The last time that I looked at the state of normalisation in APFS, almost two years ago, I found there were still issues and bugs, most weirdly with the fact that a volume whose name contains composed forms (Form C) was inaccessible to Spotlight indexing. That wasn’t helped by the fact that, unlike the Finder, Disk Utility doesn’t normalise the names of APFS volumes, and lets you create two volumes in the same container that differ only in their normalisation, and appear identical to the user.
You can still see this in Ventura today: here are two volumes side by side in a single container, with what appear to be identical names, but different contents.
But when viewed in the Finder’s Get Info dialogs, you can see that they do in fact have different names as shown there.
Names and paths
APFS and Disk Utility are very flexible when it comes to naming volumes. If you want, you can mix cases across volumes that aren’t case-sensitive, and even use exactly the same name for as many volumes as you want, because the file system doesn’t identify volumes by name. What’s most important to APFS is the UUID of the volume: try mounting two volumes with identical UUIDs and you’ll see what I mean.
What’s important to macOS is where that volume is mounted, its mount path. If two volumes, no matter what their names, came to share the same mount path then chaos would ensue. So the crucial step here is allocating each volume to be mounted a unique mount path, that’s robust in the face of potential name conflicts.
What happens is that the volume name is normalised to Unicode Form D, or decomposed, and compared without case-sensitivity to existing mount paths. If there’s any clash, then a number is appended after the normalised name to form the additional mount path. That’s perhaps best illustrated with some examples:
- If the volume
one
is already mounted at/Volumes/one
, and the next to be mounted is also namedone
, the second will be mounted at/Volumes/one 1
to avoid the obvious name conflict. - If the volume
OneTwo
is already mounted at/Volumes/OneTwo
, and the next to be mounted is namedonetwo
, the second will be mounted at/Volumes/onetwo 1
to ensure no conflict for the case-insensitive. - If the volume
CaféÅngstrom
(composed, Form C) is already mounted at/Volumes/CaféÅngstrom
(there normalised to decomposed, Form D), and the next to be mounted is namedCaféÅngstrom
(decomposed, Form D), the second will be mounted at/Volumes/CaféÅngstrom 1
(decomposed, Form D), so they’re both normalised and don’t conflict.
To help the user, volume names passed through the Finder or in Terminal are normalised by decomposition to Form D, but no changes are made to case. Those changes aren’t necessary when dealing with folder or file names, as unlike volumes they can’t coexist in the same way.
Spotlight fix
Spotlight does now correctly index and search volumes whose name contains composed forms (Form C).
Remaining problems with normalisation
Internally, APFS and macOS should now behave consistently and robustly with respect to Unicode normalisation, but they can’t solve all the problems you could come across.

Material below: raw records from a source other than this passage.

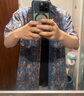 卡賓【復古洗水】男裝特色格子印花襯衫水洗短袖潮牌外套上衣襯衣 曬單實拍圖
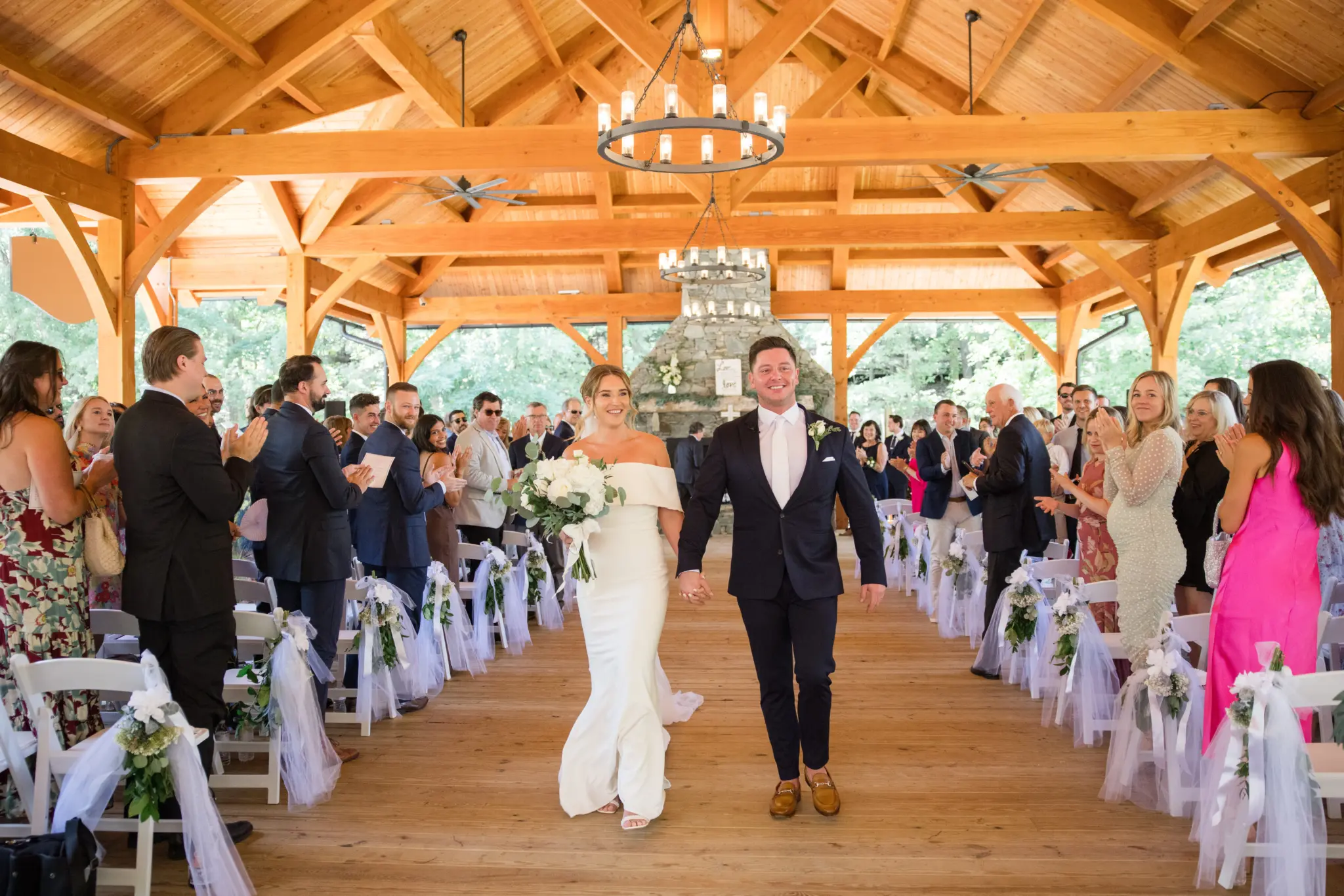 photo of a bride and groom after they were announced husband and wife at a beach venue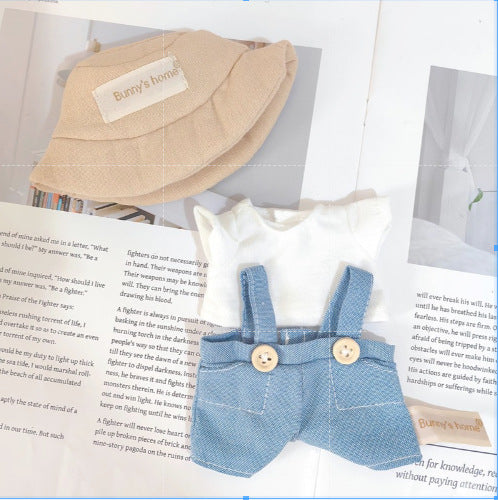 [Clothes only] 17cm blind box Labubu baby clothes keychain Labubu doll clothes pink and white plaid overalls cute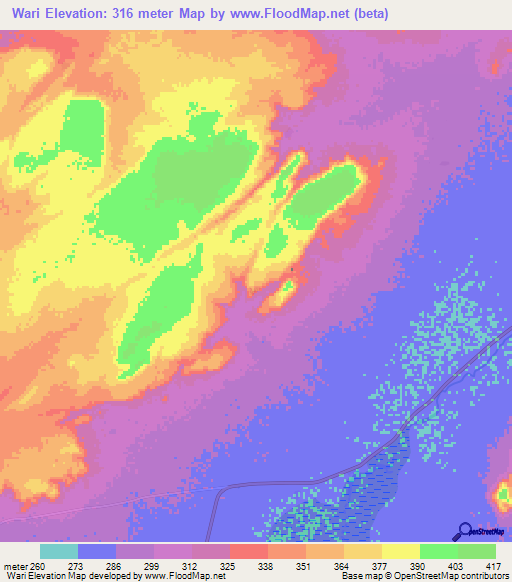 Wari,Mali Elevation Map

Apps and scripts can still get normalisation wrong, particularly if they make assumptions about the system normalising file names for them. They can also use the wrong calls to compare strings: for example, Form C and D strings should appear the same when comparing them using NSString compare()
, but may differ with an IsEqual()
comparison. It’s not uncommon for developers to completely ignore potential problems arising from Unicode forms and normalisation.
Problems can also arise when transferring files to and from other file systems. Although most modern file systems don’t normalise any more, there are still some that do, and can create havoc unless you’re aware of their behaviour.
The final message is that you should never assume that a volume’s name will be used unchanged in its mount path, as I hope I have demonstrated above.